Discussion in 'Options' started by farmerjohn1324, Dec 26, 2021.

  1. I want to do a protective put on the S&P mini futures. This would mean buying the futures contract and hedging it by buying a put option on the same contract. My question is....

    I would like to have done this with the Micro e-mini because as far as I know it's the same thing, but just allows me to subdivide more so I can be more detailed with quantities. However, my brokerage (Schwab) doesn't offer options on the Micro e-mini, only on the normal e-mini. This is despite the fact that CME website says that options on Micro e-mini do exist.

    So would it amount to the same thing if I bought Micro e-mini and bought put option on regular e-mini, as long as I sized everything appropriately to account for this?
     
  2. jys78

    jys78

    Why not just buy calls? Same position, less commission.
     
  3. Naked call?
     
  4. What are the best option combos for unlimited upside and limited downside?
     
  5. Pretty sure I'm gonna stick with the e-mini along with the put option.

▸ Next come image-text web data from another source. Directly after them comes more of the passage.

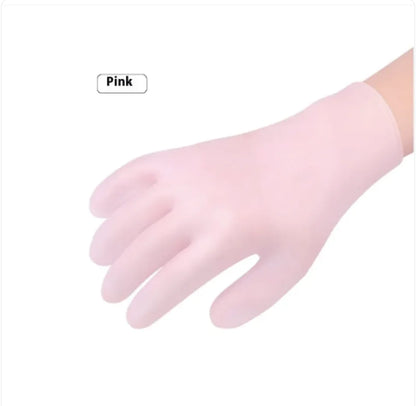 Moisturizing Foot Care Socks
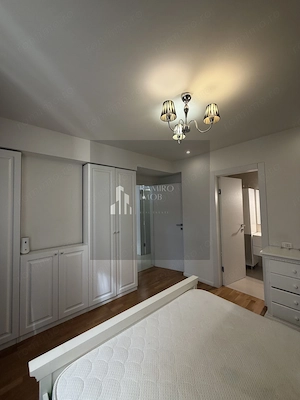 Apartament 3 camere Turnu Magurele / Alexandru Obregia / Bloc Nou - imagine 6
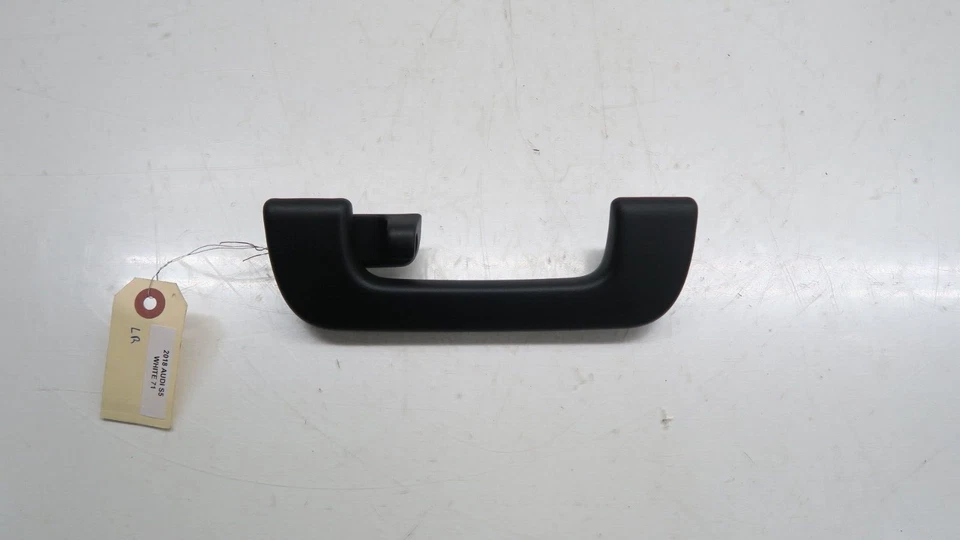 Audi S5 Sportback 2018-2023 OEM asistencia trasera izquierda mango de agarre 8R0857607 Foto 3 de 4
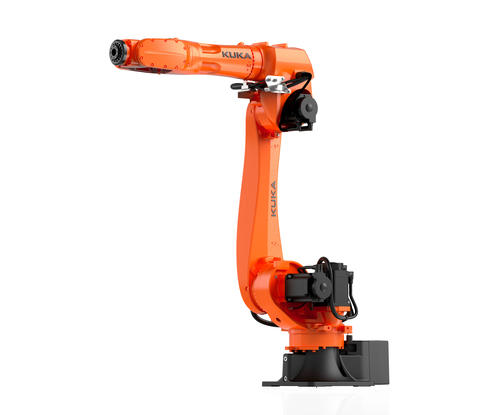 Lightweight design CYBERTECH-3 Low-load Robot KR 35 R1840-3 HW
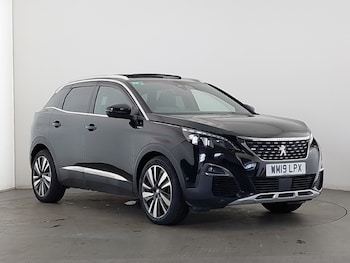 Used Peugeot 3008 2019 for sale - 78941016: Photo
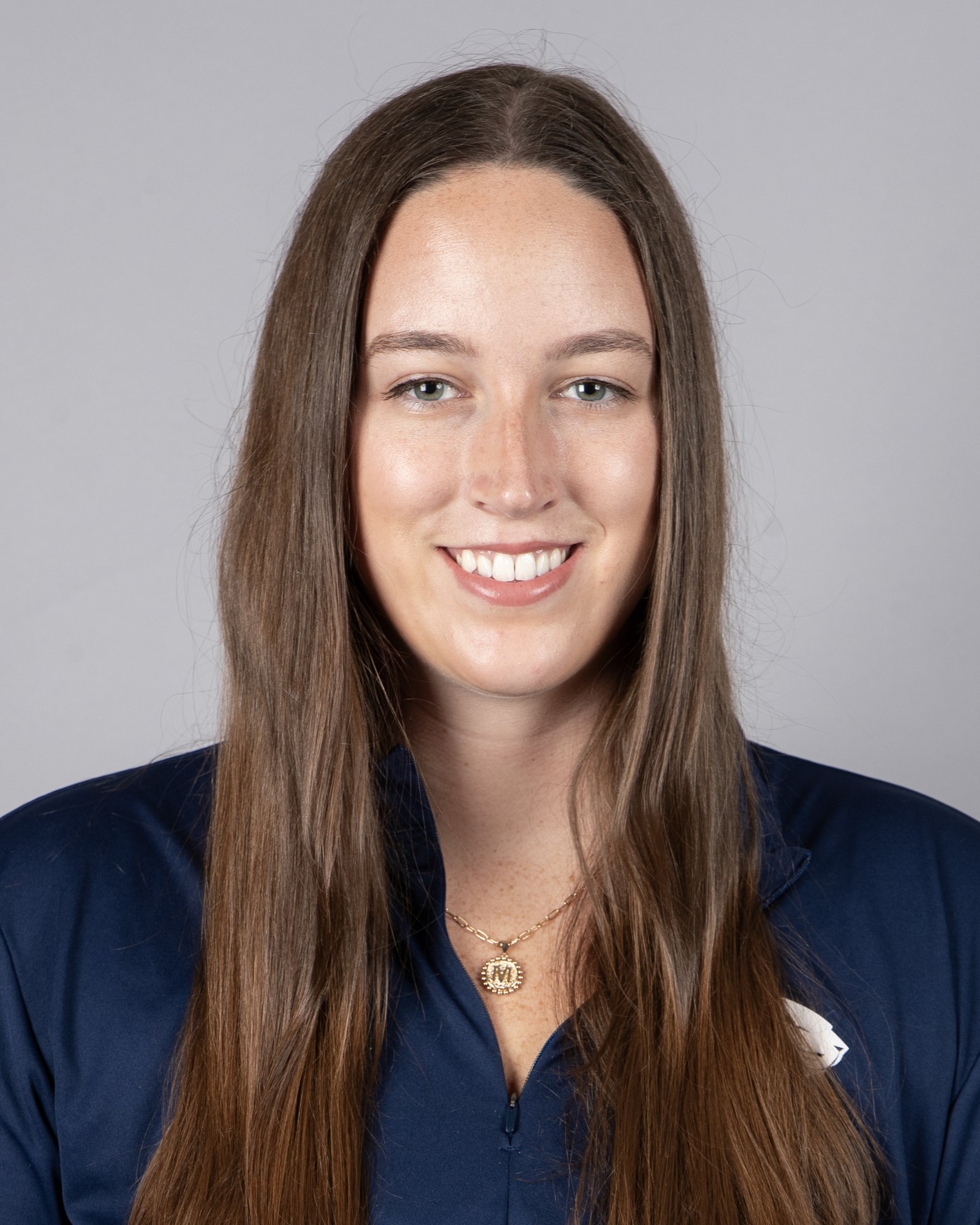 Morgan Stalcup staff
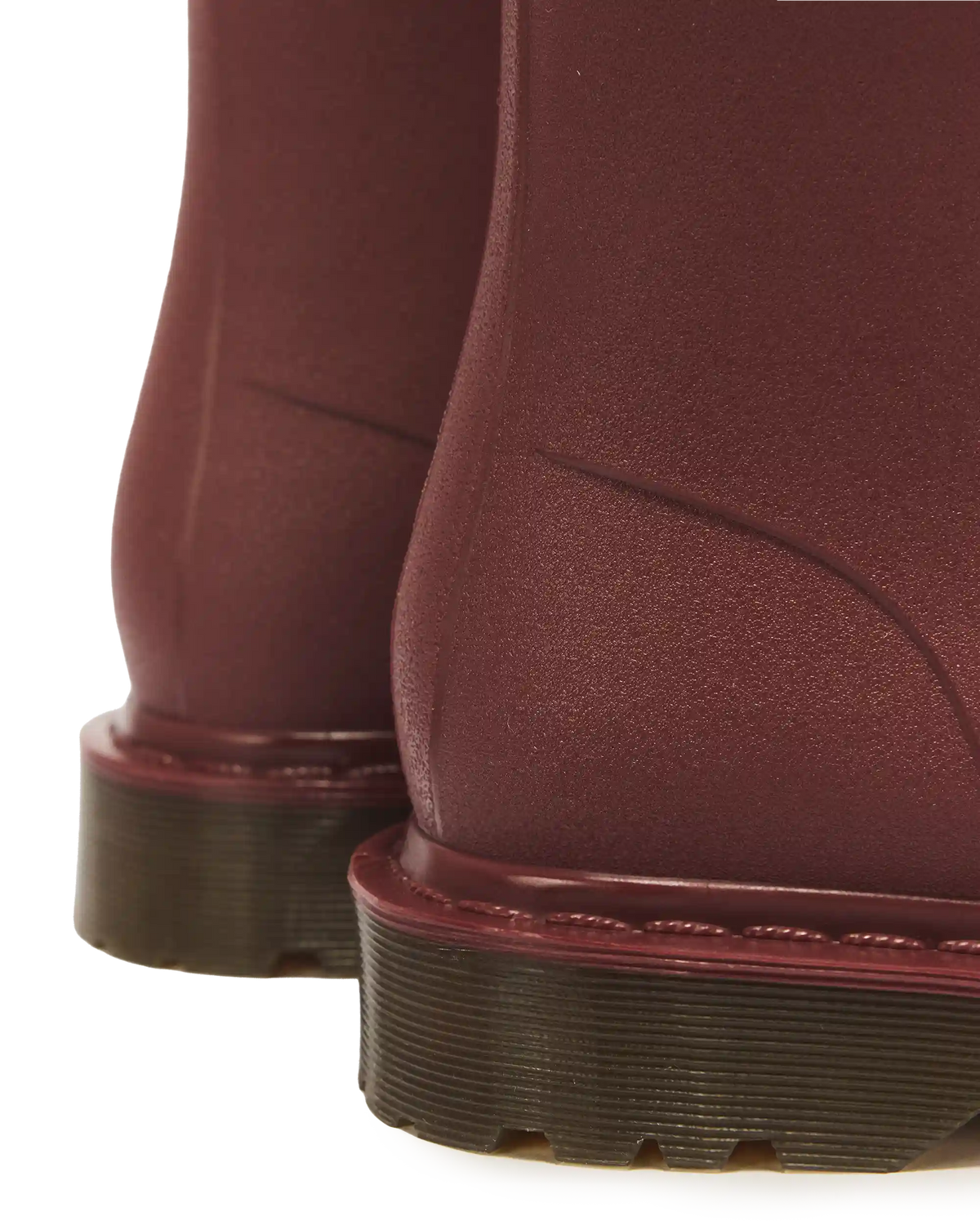 1460 Rain Pull On Waterproof Boots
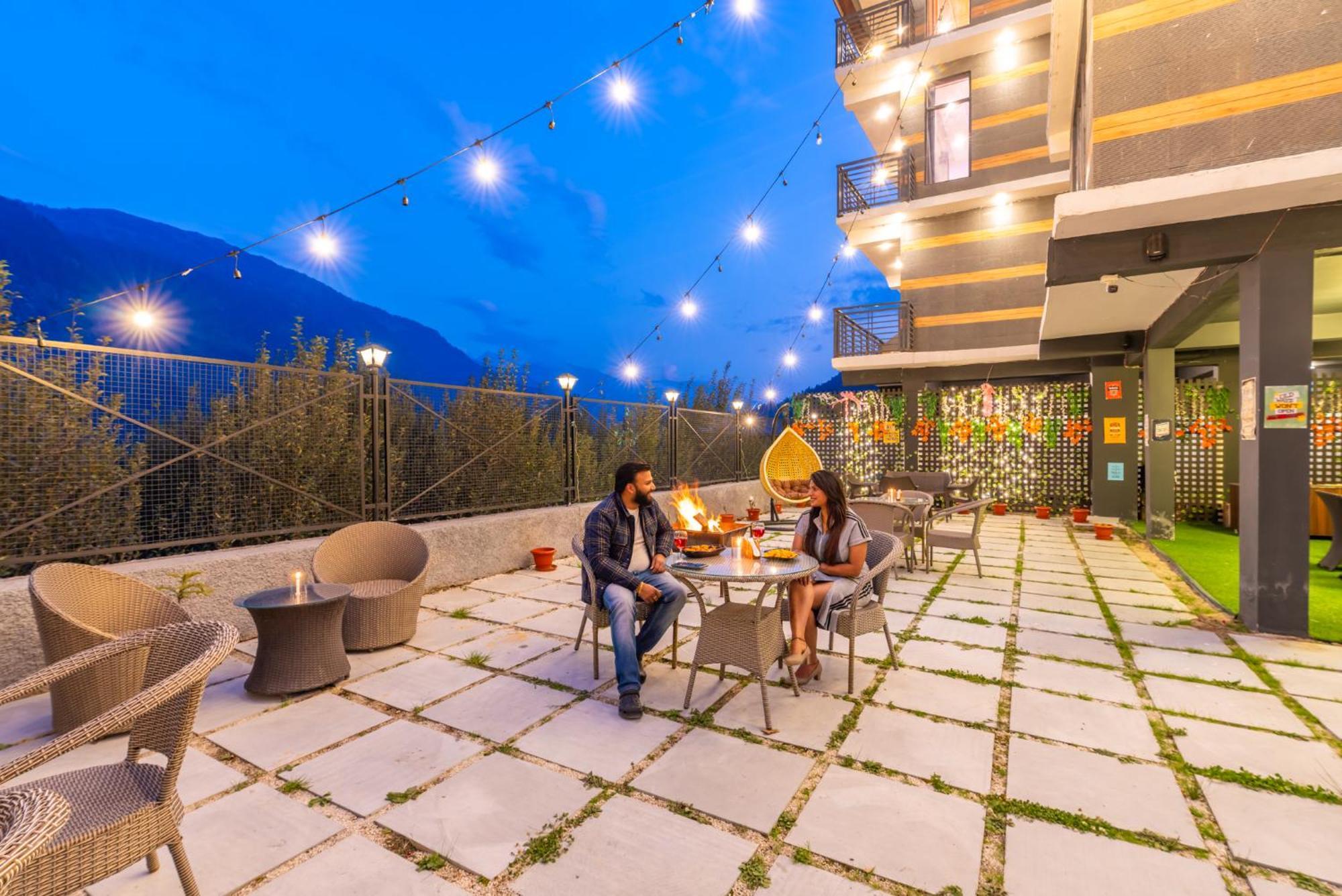 Hotel The 14 Gables, A Boutique *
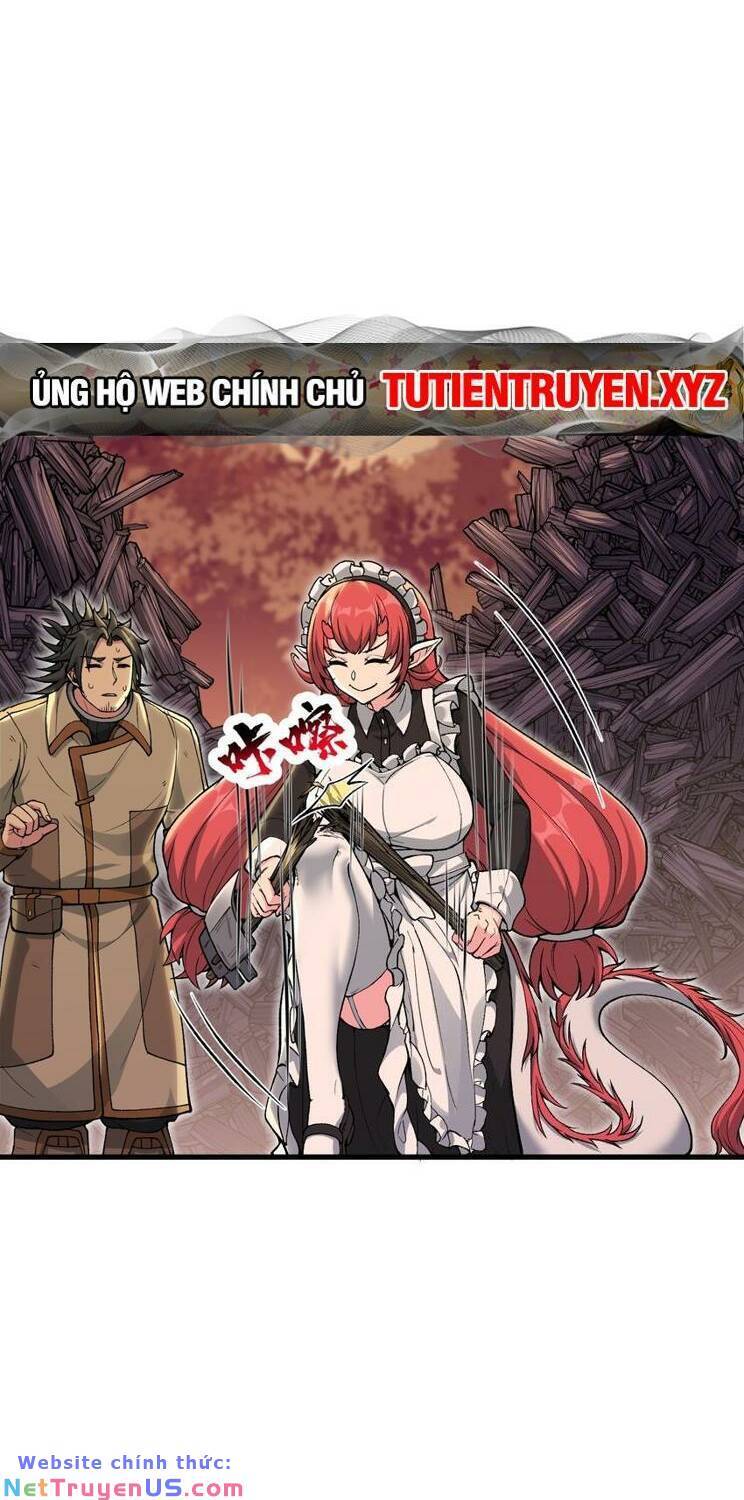 Chặt Củi 10 Năm, Tiên Tử Cầu Xin Ta Thu Nàng Làm Đồ Đệ Chapter 52 - Trang 47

I'm having trouble seeing how to proportion them. If it were a stock, it would be 100 shares to each option contract. But the futures seem different because 100 futures contract would be like $1.4 million maintenance margin compared to one option with a $15,000 price.

    Then I have to take time decay into account.
     
  6. You can see the futures as an 100 delta option. If you want to buy a 30 delta put option your net delta will be 70 delta. For lower commission and margin you can just buy an 70 delta call option. Same risk, same result.
     
    jys78 likes this.
  7. Are you saying just buy one naked call option?

    Why is the futures a 100 delta? Every one point the S&P moves, the futures goes up $50 for every contract (~$14,300 margin requirement). Doesn't that make it a 50delta? I'm looking at ESH22
     
  8. No, its 100 delta. Delta has no relation with dollars.
    Yes you can just buy a naked call instead of future with protective put.
     
    Last edited: Dec 27, 2021
  9. What's my hedge if it's just a naked call?

    Edit: The hedge is that my loss is limited to the price of the purchase, correct?
     
  10. Then I would be fighting against time decay.

    Does it make sense to sell a naked put instead?

    Edit: No. Because they my gains are capped and my losses unlimited. Is this correct?

    So time decay seems pretty significant. To combat this, is it a good idea to buy the option when it's far from expiration and sell it while it's still far from expiration? Before if I hold it too close to expiration, time decay will accelerate.